Easily, the most impressive factor of Yung Bleu’s maneuvers to become independent is the control of his trajectory since making the move. The release of “You’re Mines Still” proves that he was right in his belief that he could translate knowledge he soaked up from his experience with a major label into the type of viral success they trick artists into thinking they need a label to get. He spoke about it in-depth in an interview with DX last year.
“Just looking at how things are set up,” he began. “We make a hit song, we make radio and we did everything but damn why would the label want to stop? You probably be thinking like, ‘Damn. Why the fuck they stopping? We supposed to keep going.’ But you got to look at it like the labels really be hating sometimes, you feel me? They probably feel like that they just made they money back. Labels be wanting to see five times the profit, you feel me? Or they don’t feel like they made shit.”
HipHopDX will closely chronicle Yung Bleu’s tracks and triumphs alike this year as he preps his upcoming studio debut album. Congratulations on Mr. Bleu Vandross himself for being a 2021 Rising Star!
Blxst is one of 10 up-and-coming rappers named to HipHopDX’s 2021 Rising Stars!

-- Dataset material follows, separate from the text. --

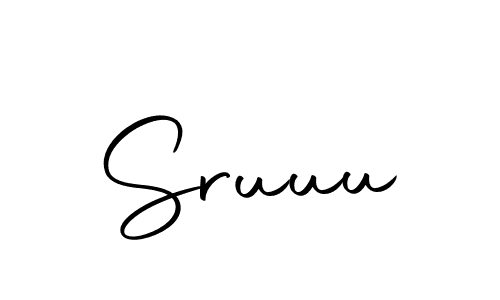 How to make Sruuu name signature. Use Autography-DOLnW style for creating short signs online. This is the latest handwritten sign. Sruuu signature style 10 images and pictures png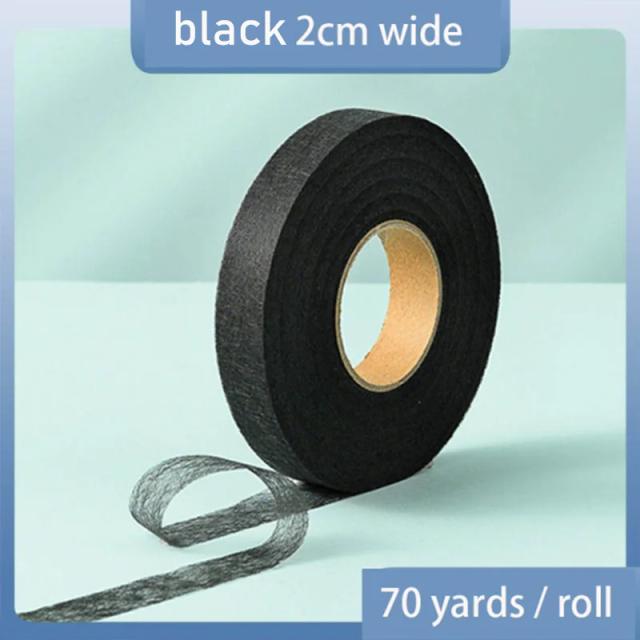 Interlining Adesivo Não-Tecido Dupla Face para Costura - Fita Hem Ferro, Ideal para Artesanato DIY, 60m por Rolo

For more info on Blxst and the rest of the talented Hip Hop bunch, read about them here.
Yung Bleu’s Accomplishments So Far
- “You’re Mines Still” featuring Drake hits 100 million on YouTube
- Purchases new estate after success of music career pays off
- “You’re Mines Still” goes platinum
- Reveals he has one of the last features with the late DMX
- Links in studio with Chloe Bailey to “put together a masterpiece project”
- Joins Chris Brown, A-Boogie, and Mooskii on official “Trackstar” remix.
- Announces Summer Jam 2021 Festival performance
- Drops “Baddest” featuring Chris Brown and 2 Chainz
- Has pop-up nail salons to pay for his fans to get their feet and nails done.
- Drops debut album ‘Moon Boy’
Yung Bleu’s Set Backs So Far
- Feuds with Trippie Redd over Drake feature on “You’re Mines Still”
- Falls on stage during Houston concert but is able to laugh about it
- Yung Bleu isn’t nominated for a single award at the 2021 BET Awards
- Yung Bleu’s rant over 2021 BET Awards nomination caused friction with Coi Leray
- Producer Ice Starr sues Yung Bleu and Boosie Badazz on 2017 instrumental for “Miss It”
- Get ridiculed for buying his sister a Chrysler car amidst Chris Brown and Drake features.